(Data section)
:::::

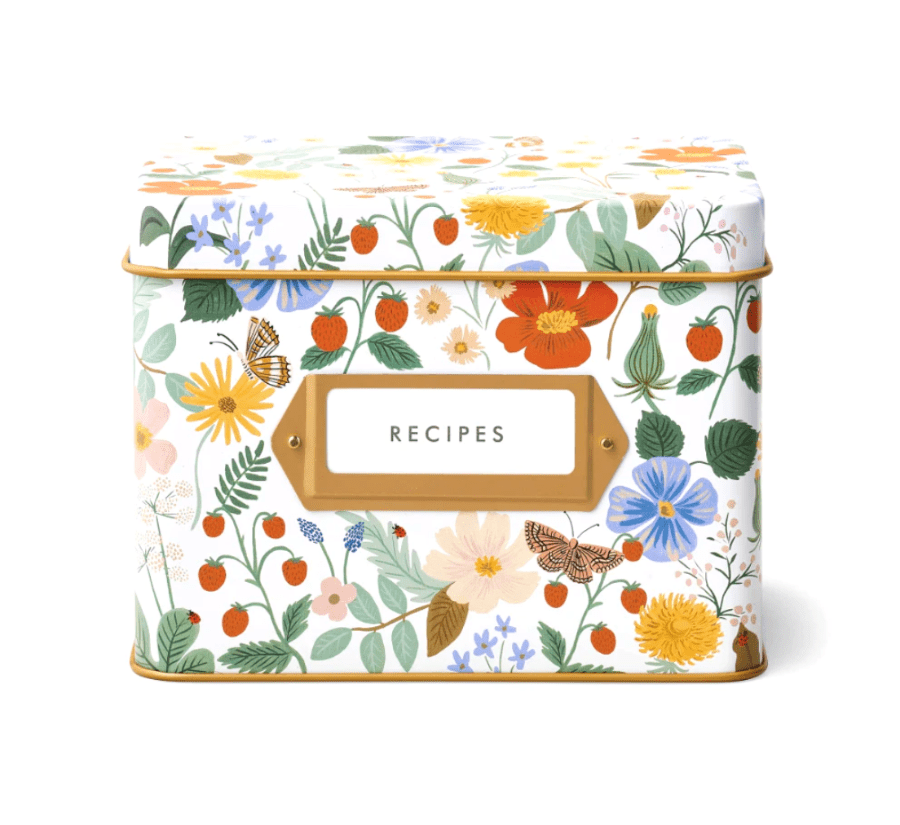 Rifle Paper Co. Strawberry Fields Tin Recipe Box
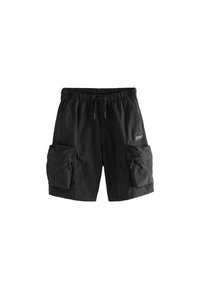 Schwarze Cargo-Shorts aus leichtem Stoff, mit Gummibund, Kordelzug und zwei großen seitlichen Taschen mit Reißverschluss.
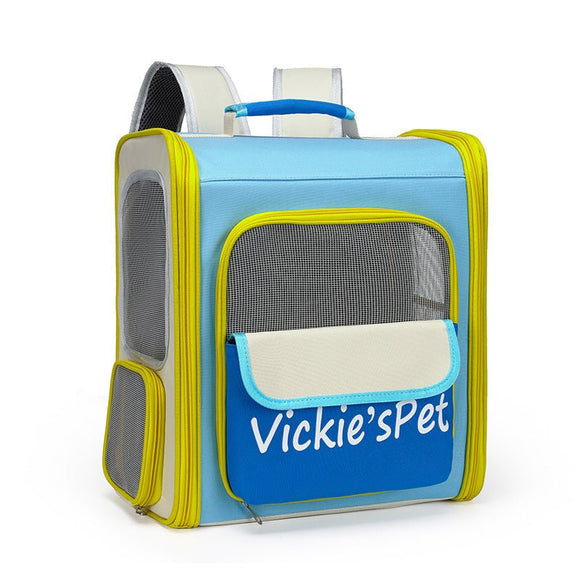 Breathable Pet Carrier Backpack - Large Capacity, Multiple Windows, Oxford Cloth(blue) - RnR Galore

:::::

(Assignment) Quote the data exactly, leaving every image out of the copy.

(Response to the exercise)
 Rifle Paper Co. Strawberry Fields Tin Recipe Box
 Schwarze Cargo-Shorts aus leichtem Stoff, mit Gummibund, Kordelzug und zwei großen seitlichen Taschen mit Reißverschluss.
 Breathable Pet Carrier Backpack - Large Capacity, Multiple Windows, Oxford Cloth(blue) - RnR Galore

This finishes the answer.